Mas a virtude que Lobato mais estimava nas crianças era a sinceridade, cuja escassez entre os adultos fora o motivo principal de não mais escrever para marmanjos. Ele próprio vivera as agruras de sua franqueza. Além de não gostar de se enganar com ilusões, de repudiar a “literatice de salão” com seus personagens e ambientes tirados de outros livros e não da vida, Lobato adotara como regra dizer o que pensava e como método escancarar as janelas da realidade.

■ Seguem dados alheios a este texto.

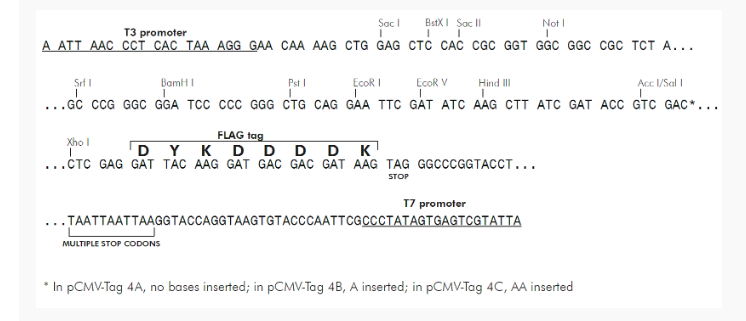 pCMV-Tag 4B哺乳表达质粒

A repercussão inesperada de Velha Praga e Urupês, tanto o ensaio brasiliano como a ficção provêm justamente deste olhar de frente o mundo e dizer o que é, como faziam os primeiros filósofos. A opinião ilustrada daquela época era protegida do “real” pela distância social e geográfica, era engalanada pelo ufanismo grandiloquente ou o desprezo transatlântico por nossa “raça degenerada” de mestiçagem incomodamente indefinida.

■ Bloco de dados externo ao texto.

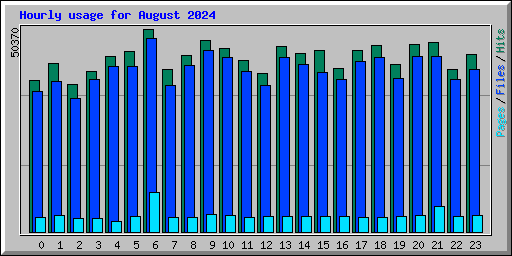 Hourly usage for August 2024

Lobato falou de nós brasileiros com agudo senso crítico, não nos cortejou nem ficou a tecer o véu diáfano de fantasias. Com aspereza e quase desespero, mas logo, com igual franqueza e sinceridade, retificou seu diagnóstico e, literalmente, pôs o dedo na ferida: o Jeca é, ante de tudo, doente. Doente pelo abandono, pela incúria, pela exploração. (E nós, pela conivência ou vantagem, somos outros tantos Jecas.)

Resistindo sempre a reverenciar as verdades estabelecidas e as autoridades (de governo e das letras) autoconsagradas, Lobato fez da verdade seu Rocinante, seu elmo de Mabrino, sua adaga antiga, o moscardo socrático a espicaçar os dormentes da vida.

É Emília, sua porta-voz eleita, quem resume o ideário lobatiano, na conclusão de suas Memórias:

Antes de pingar o ponto final quero que saibam que é uma grande mentira o que anda escrito a respeito do meu coração. Dizem todos que não tenho coração. É falso. Tenho, sim, um lindo coração - só que não é de banana. Coisinhas à-toa não o impressionam; mas ele dói quando vê uma injustiça. Dói tanto, que estou convencida de que o maior mal do mundo é a justiça. Quando vejo certas mães baterem nos filhinhos, meu coração dói. Quando vejo trancarem na cadeia um homem inocente, meu coração dói. Quando ouvi Dona Benta contar a estória de Dom Quixote, meu coração doeu várias vezes, porque aquele homem ficou louco apenas por excesso de bondade. .... Quantos homens não padecem nas cadeias do mundo só porque quiseram melhorar a sorte da humanidade? Aquele Jesus Cristo que Dona Benta tem no oratório, pregado numa cruz, foi um. Os homens do seu tempo que só cuidavam de si, esses viveram ricos e felizes. Mas Cristo quis salvar a humanidade e que aconteceu? Não salvou coisa nenhuma e teve de agüentar o maior dos martírios. (Memórias da Emília, capítulo XV)

Foi com “lições” como esta que aprendi um pouco sobre a hoje tão famosa “esfera pública”. E, com Lobato, que a boa vida pública começa com a franqueza, a verdade e a transparência.

Era bom, agora, viajar às Grécias de Lobato. Mas fica para outro dia.